A second type of DIC code consists in performing a global correlation between the two images. In this case, an attempt will be made to determine the whole displacement field existing between the two images so as to obtain the smallest possible difference between the two images. To perform this step, it is considered that the two images are described by gray level variations, which are a function of the spatial coordinates captured in the two image planes. These two images are denoted ƒ(x) and g(x), x representing the coordinates of the points belonging to the two images. It is then considered that the second image is equal to the first image to within a displacement field denoted u(x). The following equation is obtained:ƒ(x)=g[x+u(x)]  Relationship 1
The displacement field u(x) is determined by minimizing over the whole volume of the object the quadratic difference existing between the two sides of relationship 1, the displacement field being decomposed over a basis of suitable functions.
For more information on this method, the reader is referred, in particular, to a first article entitled ““Finite-element” displacement fields analysis from digital images: Application to Portevin-Le Châtelier bands”, published in “Experimental Mechanics 46 (2006) 789-804” by Gilles Bernard, François Hild and Stéphane Roux and also to a second article entitled “Characterization of necking phenomena in high speed experiments by using a single camera”, published in “EURASIP Journal on Image and Video Processing 2010 (2010) 215956” by Gilles Bernard, Jean-Michel Lagrange, François Hild, Stéphane Roux and Christophe Voltz.
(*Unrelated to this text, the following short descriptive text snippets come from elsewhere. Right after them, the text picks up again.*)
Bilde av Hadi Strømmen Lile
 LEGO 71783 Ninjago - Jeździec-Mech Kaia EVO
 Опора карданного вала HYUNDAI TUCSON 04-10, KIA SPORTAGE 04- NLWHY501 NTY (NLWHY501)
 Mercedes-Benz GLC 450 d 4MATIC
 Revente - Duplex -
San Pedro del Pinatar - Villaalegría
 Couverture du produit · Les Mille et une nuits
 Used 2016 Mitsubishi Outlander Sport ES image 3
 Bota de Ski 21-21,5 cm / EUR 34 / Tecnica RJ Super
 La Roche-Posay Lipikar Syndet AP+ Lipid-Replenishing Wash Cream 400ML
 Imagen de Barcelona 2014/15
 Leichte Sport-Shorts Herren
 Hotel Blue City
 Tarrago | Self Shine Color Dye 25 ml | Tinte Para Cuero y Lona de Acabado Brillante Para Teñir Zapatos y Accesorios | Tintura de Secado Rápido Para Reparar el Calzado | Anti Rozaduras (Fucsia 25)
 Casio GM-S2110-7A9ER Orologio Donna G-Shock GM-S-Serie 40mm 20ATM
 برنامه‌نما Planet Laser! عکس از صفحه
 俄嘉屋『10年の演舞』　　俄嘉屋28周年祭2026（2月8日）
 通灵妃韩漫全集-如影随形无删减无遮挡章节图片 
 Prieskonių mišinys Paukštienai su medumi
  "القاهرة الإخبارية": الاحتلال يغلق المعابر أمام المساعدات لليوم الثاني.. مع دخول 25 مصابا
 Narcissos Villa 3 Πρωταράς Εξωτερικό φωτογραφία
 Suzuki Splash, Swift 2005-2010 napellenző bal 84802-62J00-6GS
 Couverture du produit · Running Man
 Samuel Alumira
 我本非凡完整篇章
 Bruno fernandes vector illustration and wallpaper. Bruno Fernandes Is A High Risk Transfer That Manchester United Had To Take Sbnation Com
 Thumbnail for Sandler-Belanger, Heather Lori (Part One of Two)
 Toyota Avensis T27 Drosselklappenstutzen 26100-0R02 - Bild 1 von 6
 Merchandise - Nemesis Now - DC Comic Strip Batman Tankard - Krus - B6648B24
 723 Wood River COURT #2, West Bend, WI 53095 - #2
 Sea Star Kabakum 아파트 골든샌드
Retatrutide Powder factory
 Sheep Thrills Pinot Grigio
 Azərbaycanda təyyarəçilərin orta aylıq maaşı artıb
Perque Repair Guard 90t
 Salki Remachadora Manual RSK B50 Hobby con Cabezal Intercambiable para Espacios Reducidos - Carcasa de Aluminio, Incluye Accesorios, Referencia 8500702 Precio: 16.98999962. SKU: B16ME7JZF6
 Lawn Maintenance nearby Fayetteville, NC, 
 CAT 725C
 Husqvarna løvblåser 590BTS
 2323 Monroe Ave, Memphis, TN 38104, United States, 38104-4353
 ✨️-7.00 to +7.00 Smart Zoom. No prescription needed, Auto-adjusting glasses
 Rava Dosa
In these two articles, the first on DIC, the second on its use in the context of stereo-correlation, the kinetic field basis chosen for the decomposition of the displacement field are the Q4P1 shape functions of a regular square mesh.
This global correlation method requires greater computing means than the former but offers superior accuracy.
However, even if they perform for users in a way that is satisfactory overall, these methods have certain drawbacks. These notably include a certain complexity of the calibration phase, measurement results in the form of clusters of points that it is then necessary to reshape, the need to rely on filtering or projection without being able to judge and quantify the loss of accuracy entailed, a certain sensitivity to measurement noise and, finally, difficulty in assessing the quality of the measurement obtained in the absence of any reference.
These difficulties stem partly from the fact that the measurements are made a priori, with no prior knowledge of the shape and the geometry of the object. However, today, the very large majority of industrial objects are designed and produced based on computer-assisted design software programs, also known as Computer Aided Design, known by the acronym CAD. A parametric representation of the object to be measured is therefore naturally available. The core of the stereo-correlation method according to the invention is the use of this parametric representation either during the calibration step, or during the measurement step, or during both, the object to be measured being its own template. By its very nature, the method according to the invention is akin to global correlation DIC codes.